# [What you are asked to do]
Leaving out all pictures, retype the records exactly.

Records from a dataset
-.-.-

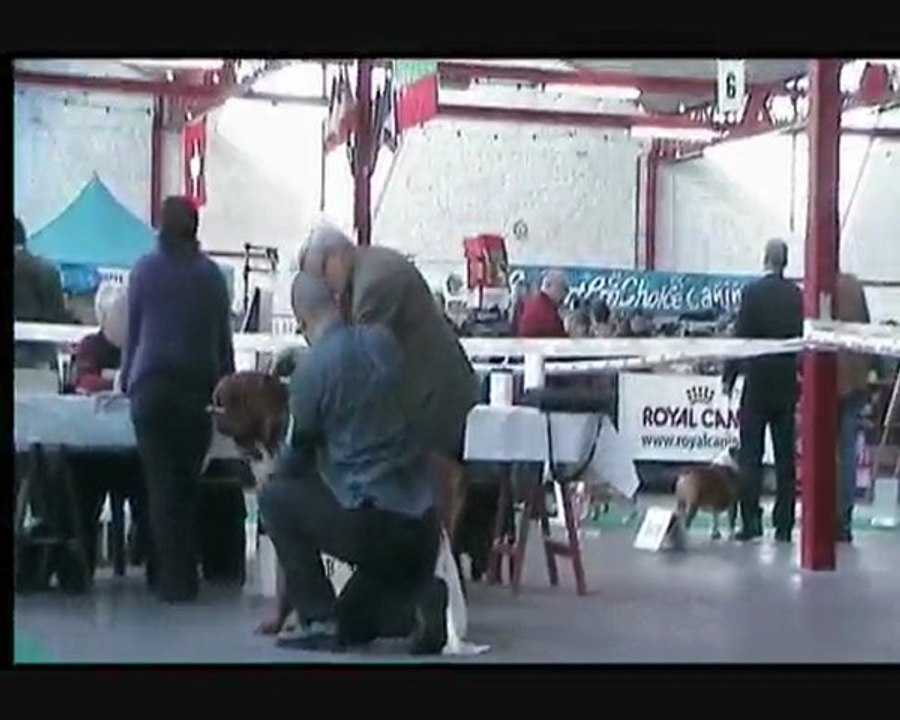 MOUSCRON 2010 Dogue de Bordeaux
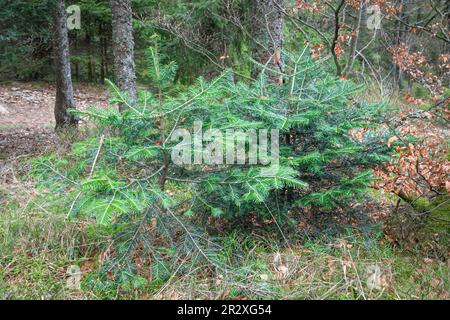 Due giovani abeti (Abies alba) nella Foresta Nera in Germania Foto Stock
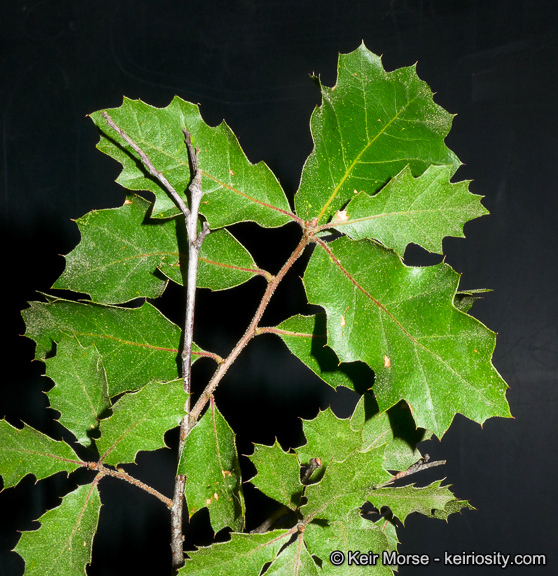 Image of <i>Quercus</i> × <i>morehus</i>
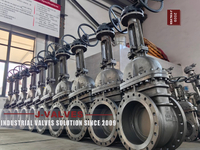 //iqrorwxhlpiilj5q-static.leadongcdn.com/cloud/moBpoKnrRllSoikknqljj/GATE-VALVES2.jpg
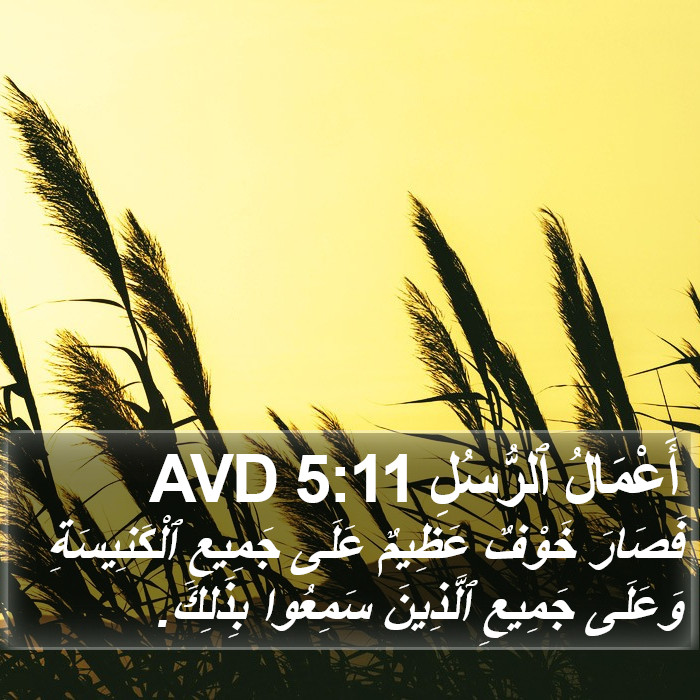 أَعْمَالُ ٱلرُّسُلِ 5:11 AVD Bible Study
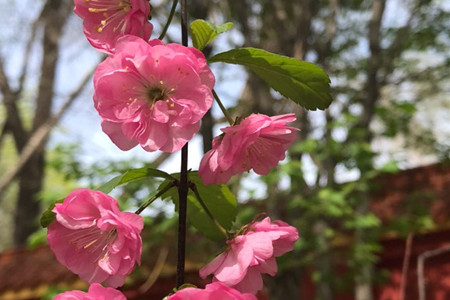 flowering plum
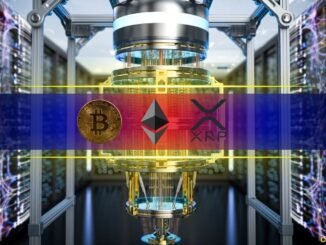 Ranking the Most and Least Quantum-Resistant Assets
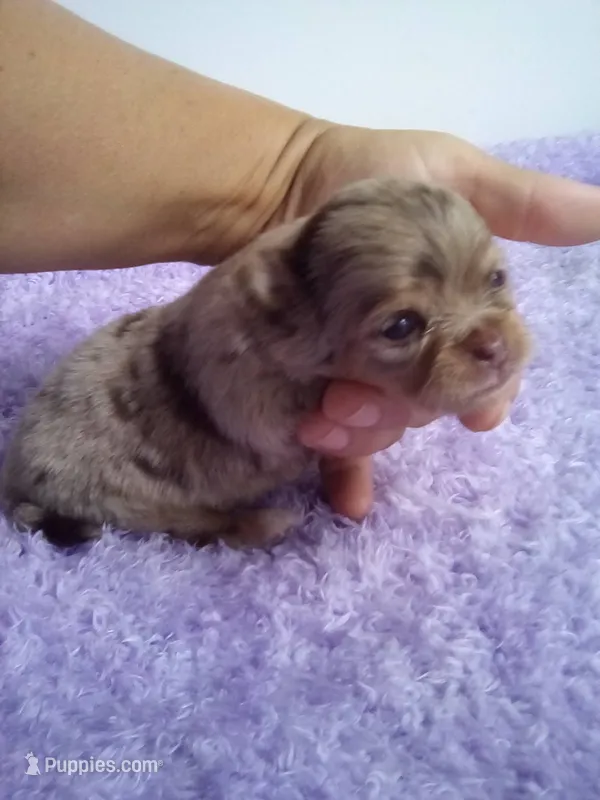 Clarissa – Chihuahua puppy for sale in Mayslick, KY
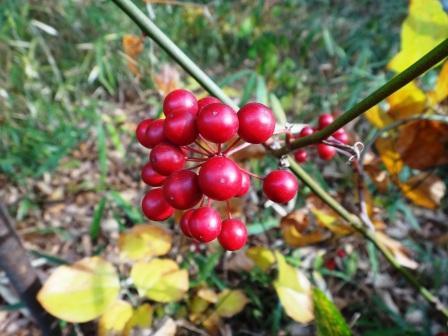 神代植物公園 ニュース Twitterissa 山野草園でサルトリイバラの実 を見つけました ユリ科の植物で 日本 中国 朝鮮などの山地に普通に生える木です サンキライ 山帰来 とも呼ばれ 関西以西では柏餅のように葉で餅を包むそうです 丸く赤く艶々した 実がとても 神代植物公園 ニュース Twitterissa 山野草園でサルトリイバラの実 を見つけました ユリ科の植物で 日本 中国 朝鮮などの山地に普通に生える木です サンキライ 山帰来 とも呼ばれ 関西以西では柏餅のように葉で餅を包むそうです 丸く赤く艶々した 実がとても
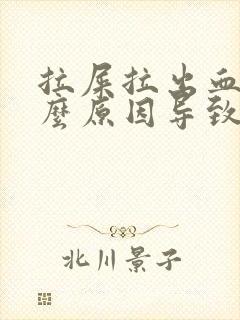 拉屎拉出血是什么原因导致的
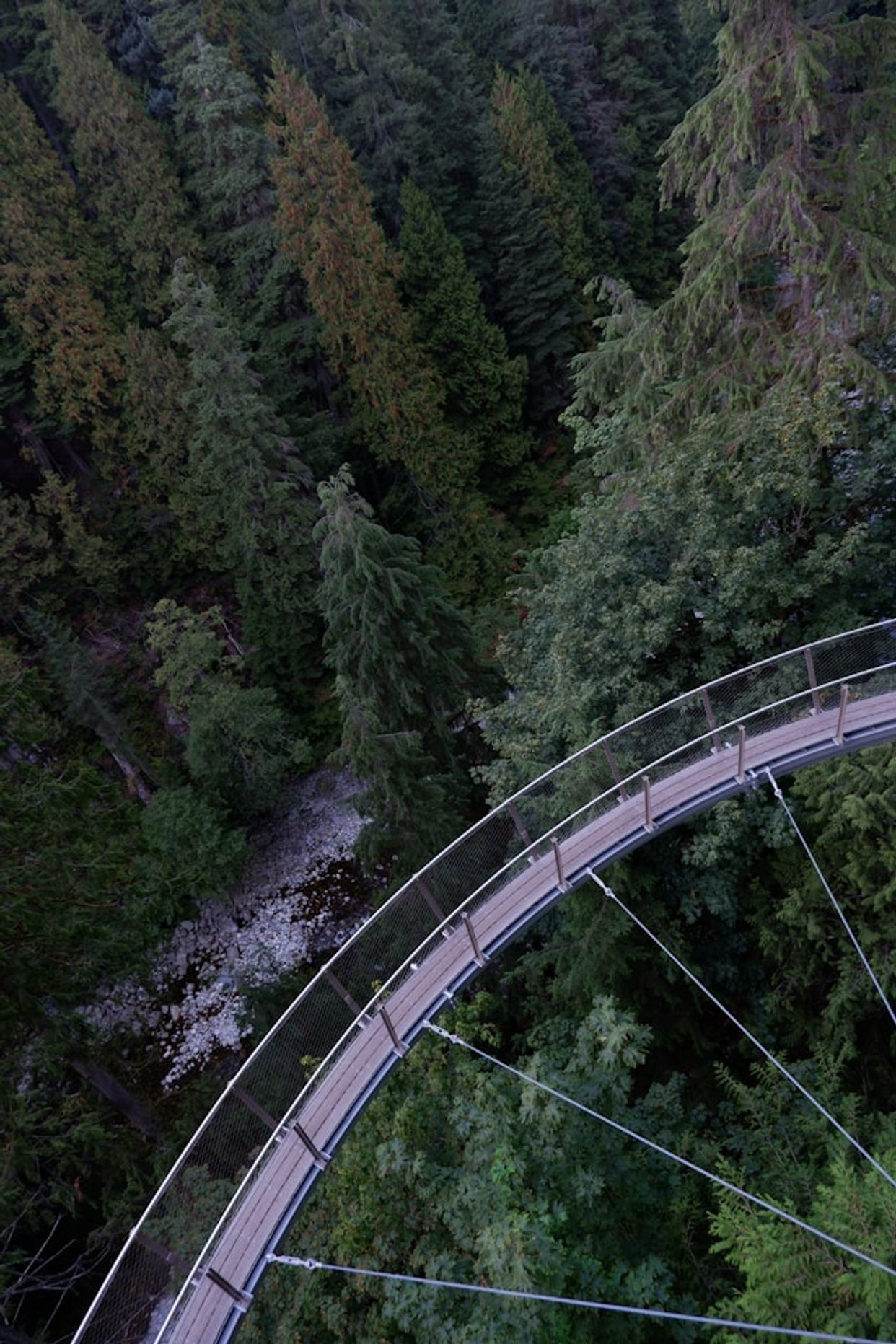 Capilano Suspension Bridge Park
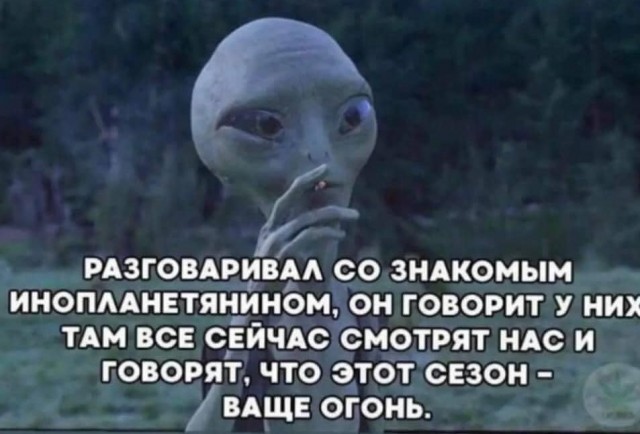 Так себе картинки 31.10.21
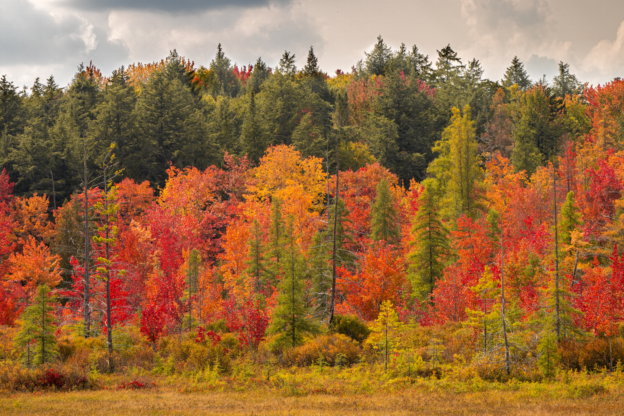 colorful-forest-trees-during-autumn.png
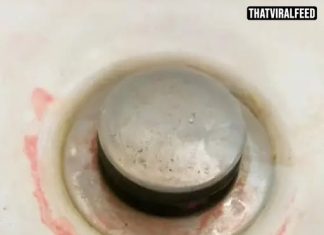 Doctor Issues Urgent Warning To Anyone Finding ‘Pink Slime’ In Their Bathroom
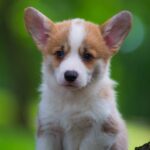 Gamma-female-welsh-corgi-puppy-for-sale-1 (4)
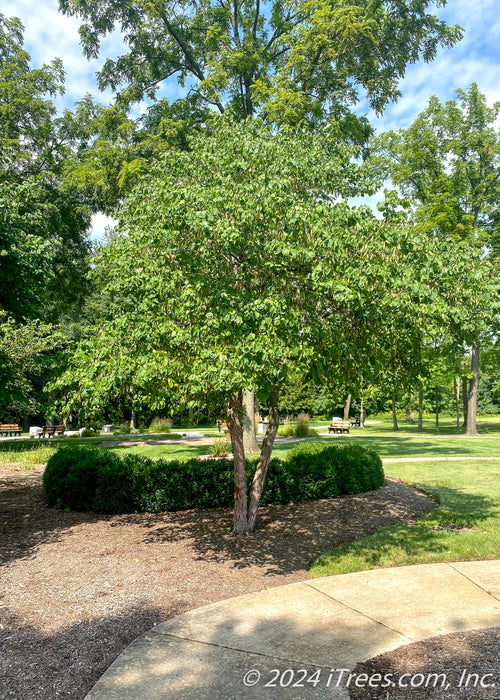 Clump form redbud planted in a front landscape bed near a walkway.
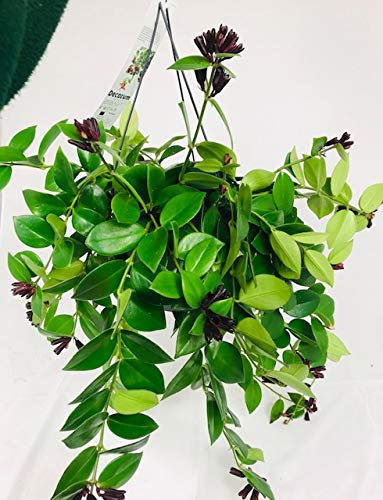 Aeschynanthus 'Mona Lisa' 16cm Hanging Pot - Lipstick Plant - Rare Variety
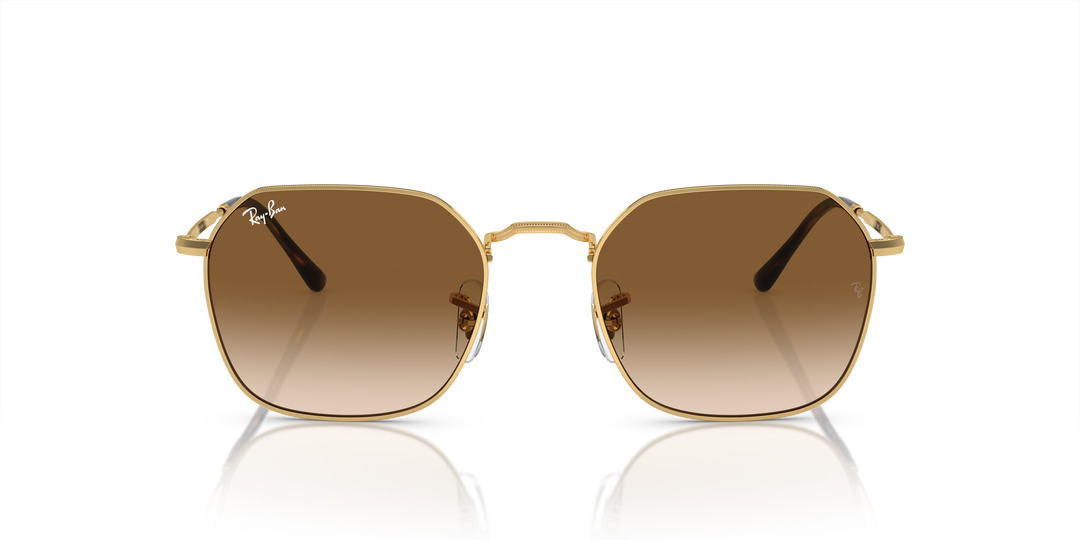 reval-myl-photo:RB3694_001_51:0rb3694_001_51_p21_shad_fr #color_oro-arista-marron-claro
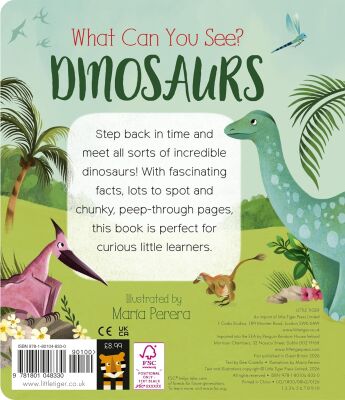 What Can You See? Dinosaurs - 2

-.-.-

# [Finished task]
 MOUSCRON 2010 Dogue de Bordeaux
 Due giovani abeti (Abies alba) nella Foresta Nera in Germania Foto Stock
 Image of <i>Quercus</i> × <i>morehus</i>
 //iqrorwxhlpiilj5q-static.leadongcdn.com/cloud/moBpoKnrRllSoikknqljj/GATE-VALVES2.jpg
 أَعْمَالُ ٱلرُّسُلِ 5:11 AVD Bible Study
 flowering plum
 Ranking the Most and Least Quantum-Resistant Assets
 Clarissa – Chihuahua puppy for sale in Mayslick, KY
 神代植物公園 ニュース Twitterissa 山野草園でサルトリイバラの実 を見つけました ユリ科の植物で 日本 中国 朝鮮などの山地に普通に生える木です サンキライ 山帰来 とも呼ばれ 関西以西では柏餅のように葉で餅を包むそうです 丸く赤く艶々した 実がとても 神代植物公園 ニュース Twitterissa 山野草園でサルトリイバラの実 を見つけました ユリ科の植物で 日本 中国 朝鮮などの山地に普通に生える木です サンキライ 山帰来 とも呼ばれ 関西以西では柏餅のように葉で餅を包むそうです 丸く赤く艶々した 実がとても
 拉屎拉出血是什么原因导致的
 Capilano Suspension Bridge Park
 Так себе картинки 31.10.21
 colorful-forest-trees-during-autumn.png
 Doctor Issues Urgent Warning To Anyone Finding ‘Pink Slime’ In Their Bathroom
 Gamma-female-welsh-corgi-puppy-for-sale-1 (4)
 Clump form redbud planted in a front landscape bed near a walkway.
 Aeschynanthus 'Mona Lisa' 16cm Hanging Pot - Lipstick Plant - Rare Variety
 reval-myl-photo:RB3694_001_51:0rb3694_001_51_p21_shad_fr #color_oro-arista-marron-claro
 What Can You See? Dinosaurs - 2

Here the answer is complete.